The total that was alleged to have been taken out of the Bank of Botswana was $10.1bn. What happened to most of it is unclear, says the report. The arithmetic of the money flows is one of the many elements that don’t add up, but a large chunk is alleged by Hubona to have ended up in SA in bank accounts that Motsepe had signing powers to, via a series of intermediate companies and payments across the globe. But, says the report, the companies and bank accounts that the money was routed through are a web of fabrications.
For example, the first tranche of the alleged international fund flows in 2009 was supposed to have gone from the Bank of Botswana to “Odyssey Energy LLC” at HSBC in Hong Kong. But this was “impossible” because Odyssey Energy did not exist as a corporate entity until 2013.
The SA companies Blue Flies Inc and Fire Flies Inc, supposedly owned by Motsepe, did not even exist, says the report. Nor did 15 of the 17 bank accounts cited in the affidavit as being recipients of money.

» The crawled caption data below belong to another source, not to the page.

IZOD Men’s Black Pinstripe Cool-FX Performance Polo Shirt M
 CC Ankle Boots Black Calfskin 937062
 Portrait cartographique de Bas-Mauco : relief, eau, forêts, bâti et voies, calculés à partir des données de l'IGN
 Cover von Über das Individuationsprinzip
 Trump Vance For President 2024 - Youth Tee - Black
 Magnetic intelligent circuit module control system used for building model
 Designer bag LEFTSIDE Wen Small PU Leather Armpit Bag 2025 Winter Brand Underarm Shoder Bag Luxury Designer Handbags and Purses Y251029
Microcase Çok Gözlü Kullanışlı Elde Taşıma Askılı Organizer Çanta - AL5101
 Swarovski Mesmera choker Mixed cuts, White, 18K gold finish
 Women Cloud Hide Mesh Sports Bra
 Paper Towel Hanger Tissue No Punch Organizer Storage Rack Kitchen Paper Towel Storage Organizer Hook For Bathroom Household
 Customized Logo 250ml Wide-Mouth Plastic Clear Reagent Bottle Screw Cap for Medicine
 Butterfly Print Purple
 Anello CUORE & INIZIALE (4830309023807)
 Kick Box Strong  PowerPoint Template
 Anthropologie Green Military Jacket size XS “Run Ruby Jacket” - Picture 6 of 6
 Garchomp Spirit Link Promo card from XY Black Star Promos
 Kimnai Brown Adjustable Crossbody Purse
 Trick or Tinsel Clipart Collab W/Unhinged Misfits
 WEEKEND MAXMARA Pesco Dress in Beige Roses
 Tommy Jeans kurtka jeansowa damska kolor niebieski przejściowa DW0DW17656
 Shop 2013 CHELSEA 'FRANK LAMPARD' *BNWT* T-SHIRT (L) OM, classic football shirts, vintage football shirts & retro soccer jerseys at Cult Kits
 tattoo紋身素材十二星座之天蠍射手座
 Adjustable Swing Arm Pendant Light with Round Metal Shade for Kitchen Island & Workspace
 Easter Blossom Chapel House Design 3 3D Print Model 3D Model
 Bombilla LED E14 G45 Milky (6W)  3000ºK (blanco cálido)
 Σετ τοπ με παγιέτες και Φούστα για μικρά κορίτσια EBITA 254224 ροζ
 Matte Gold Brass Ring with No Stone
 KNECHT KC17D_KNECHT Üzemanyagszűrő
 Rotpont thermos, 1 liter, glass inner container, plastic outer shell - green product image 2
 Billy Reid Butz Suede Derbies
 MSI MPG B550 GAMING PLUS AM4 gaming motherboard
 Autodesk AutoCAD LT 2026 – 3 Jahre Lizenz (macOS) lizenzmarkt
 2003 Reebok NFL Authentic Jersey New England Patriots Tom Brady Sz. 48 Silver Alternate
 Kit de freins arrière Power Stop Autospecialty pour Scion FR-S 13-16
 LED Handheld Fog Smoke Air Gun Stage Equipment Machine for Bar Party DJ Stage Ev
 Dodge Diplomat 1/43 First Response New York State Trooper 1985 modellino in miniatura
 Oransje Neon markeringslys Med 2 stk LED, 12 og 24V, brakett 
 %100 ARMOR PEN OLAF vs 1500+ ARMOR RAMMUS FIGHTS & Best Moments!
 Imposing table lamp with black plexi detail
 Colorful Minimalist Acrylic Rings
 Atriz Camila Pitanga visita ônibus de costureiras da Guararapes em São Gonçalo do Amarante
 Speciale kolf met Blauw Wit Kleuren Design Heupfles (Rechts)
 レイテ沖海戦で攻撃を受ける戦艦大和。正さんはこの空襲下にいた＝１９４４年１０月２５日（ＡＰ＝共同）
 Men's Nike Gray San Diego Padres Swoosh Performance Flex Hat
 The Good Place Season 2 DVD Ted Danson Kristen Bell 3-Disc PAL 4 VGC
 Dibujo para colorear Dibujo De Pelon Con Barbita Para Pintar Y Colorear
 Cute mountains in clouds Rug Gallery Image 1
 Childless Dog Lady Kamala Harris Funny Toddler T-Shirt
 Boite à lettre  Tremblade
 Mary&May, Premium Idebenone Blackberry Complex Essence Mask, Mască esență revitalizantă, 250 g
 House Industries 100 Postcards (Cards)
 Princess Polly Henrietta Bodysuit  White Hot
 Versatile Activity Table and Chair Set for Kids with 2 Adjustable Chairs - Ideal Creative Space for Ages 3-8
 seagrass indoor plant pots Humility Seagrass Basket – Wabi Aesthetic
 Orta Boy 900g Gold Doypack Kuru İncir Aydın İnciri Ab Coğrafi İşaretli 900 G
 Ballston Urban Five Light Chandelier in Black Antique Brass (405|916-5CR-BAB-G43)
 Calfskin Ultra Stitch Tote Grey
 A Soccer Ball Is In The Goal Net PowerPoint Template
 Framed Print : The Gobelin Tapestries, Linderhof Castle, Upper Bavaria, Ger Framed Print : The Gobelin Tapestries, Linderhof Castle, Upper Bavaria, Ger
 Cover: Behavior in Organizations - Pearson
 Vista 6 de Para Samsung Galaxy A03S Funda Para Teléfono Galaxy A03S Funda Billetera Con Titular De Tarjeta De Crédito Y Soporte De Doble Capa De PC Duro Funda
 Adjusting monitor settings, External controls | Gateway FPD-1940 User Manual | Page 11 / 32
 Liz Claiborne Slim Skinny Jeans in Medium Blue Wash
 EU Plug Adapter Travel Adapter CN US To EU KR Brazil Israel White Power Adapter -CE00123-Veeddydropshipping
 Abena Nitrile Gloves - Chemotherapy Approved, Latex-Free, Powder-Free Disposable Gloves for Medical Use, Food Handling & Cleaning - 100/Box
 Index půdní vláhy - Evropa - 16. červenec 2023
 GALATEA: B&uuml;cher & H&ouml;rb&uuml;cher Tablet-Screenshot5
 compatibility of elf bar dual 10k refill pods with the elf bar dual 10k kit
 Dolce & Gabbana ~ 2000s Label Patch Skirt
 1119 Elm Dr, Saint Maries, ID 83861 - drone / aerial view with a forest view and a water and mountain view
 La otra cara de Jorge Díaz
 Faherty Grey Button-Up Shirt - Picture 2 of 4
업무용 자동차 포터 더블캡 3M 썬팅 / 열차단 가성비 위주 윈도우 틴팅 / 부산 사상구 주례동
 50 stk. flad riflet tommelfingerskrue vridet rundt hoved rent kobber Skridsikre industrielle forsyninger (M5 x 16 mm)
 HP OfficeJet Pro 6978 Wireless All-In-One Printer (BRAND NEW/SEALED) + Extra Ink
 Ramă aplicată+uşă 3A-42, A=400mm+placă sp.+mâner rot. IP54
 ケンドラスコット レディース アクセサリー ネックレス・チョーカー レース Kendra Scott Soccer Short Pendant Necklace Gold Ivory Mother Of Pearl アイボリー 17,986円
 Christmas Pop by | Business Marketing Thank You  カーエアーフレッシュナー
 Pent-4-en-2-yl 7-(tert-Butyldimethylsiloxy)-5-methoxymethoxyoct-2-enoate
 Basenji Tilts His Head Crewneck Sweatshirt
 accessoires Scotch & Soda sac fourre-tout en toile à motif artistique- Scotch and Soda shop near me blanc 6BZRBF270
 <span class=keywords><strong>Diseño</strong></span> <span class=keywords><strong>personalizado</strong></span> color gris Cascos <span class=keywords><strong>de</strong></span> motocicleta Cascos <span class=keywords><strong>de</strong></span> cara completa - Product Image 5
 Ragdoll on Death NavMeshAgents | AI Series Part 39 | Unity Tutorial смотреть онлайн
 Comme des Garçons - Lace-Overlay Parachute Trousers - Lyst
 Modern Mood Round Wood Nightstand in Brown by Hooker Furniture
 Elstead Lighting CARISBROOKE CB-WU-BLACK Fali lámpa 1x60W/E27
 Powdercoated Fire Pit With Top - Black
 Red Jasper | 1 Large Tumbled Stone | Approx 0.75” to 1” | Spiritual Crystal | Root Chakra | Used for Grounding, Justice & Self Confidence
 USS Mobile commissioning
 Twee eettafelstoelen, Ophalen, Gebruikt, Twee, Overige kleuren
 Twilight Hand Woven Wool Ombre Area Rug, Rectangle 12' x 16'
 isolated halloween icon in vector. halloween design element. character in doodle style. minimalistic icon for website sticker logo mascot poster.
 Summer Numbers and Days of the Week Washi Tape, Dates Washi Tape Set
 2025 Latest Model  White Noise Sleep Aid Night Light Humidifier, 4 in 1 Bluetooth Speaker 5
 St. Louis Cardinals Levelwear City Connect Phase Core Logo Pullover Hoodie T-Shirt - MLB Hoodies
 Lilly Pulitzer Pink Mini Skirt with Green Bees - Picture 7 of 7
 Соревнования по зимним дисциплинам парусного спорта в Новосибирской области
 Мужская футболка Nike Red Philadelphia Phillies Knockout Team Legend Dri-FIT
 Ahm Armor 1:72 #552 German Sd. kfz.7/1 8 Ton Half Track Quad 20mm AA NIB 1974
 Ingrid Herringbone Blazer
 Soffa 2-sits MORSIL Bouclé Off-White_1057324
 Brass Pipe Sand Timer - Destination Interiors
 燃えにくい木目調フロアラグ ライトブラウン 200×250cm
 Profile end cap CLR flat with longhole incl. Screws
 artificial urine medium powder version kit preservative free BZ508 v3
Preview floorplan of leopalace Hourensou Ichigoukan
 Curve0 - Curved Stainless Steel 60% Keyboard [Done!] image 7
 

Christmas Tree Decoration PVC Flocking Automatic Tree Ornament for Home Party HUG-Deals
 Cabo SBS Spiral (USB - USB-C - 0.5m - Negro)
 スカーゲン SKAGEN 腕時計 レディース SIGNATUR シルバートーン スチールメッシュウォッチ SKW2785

The SA Reserve Bank said it had no record of any cross-border flow of funds into or out of SA as referred to in Hubona’s affidavit, according to the report. Most tellingly, says the report, the governor of the Bank of Botswana — from which the money was supposedly taken — reportedly told MPs that no funds were transferred out of the bank as alleged in the affidavit and that the Bank of Botswana had never held that amount of money in its account in the first place.
Though Omnia was careful to confine itself to this particular case when it said Botswana’s prosecution service was compromised, Khama was more direct on 702 on Thursday, accusing Masisi of using law enforcement agencies to settle political scores.
Maswabi is, according to Hubona’s affidavit, charged with possession of unexplained property and financing terrorism. Her case was postponed on Monday for further investigation.
The trial is yet to get properly under way, with Nel hinting that it was the failure of SA authorities to respond to the request for mutual assistance that delayed matters.
However, department of justice spokesperson Chrispin Phiri said the department had been liaising with the Botswana government on the request.
“We will continue to engage the government of Botswana through diplomatic channels [as] we continue to do in numerous other cases. This case will not be an exception.”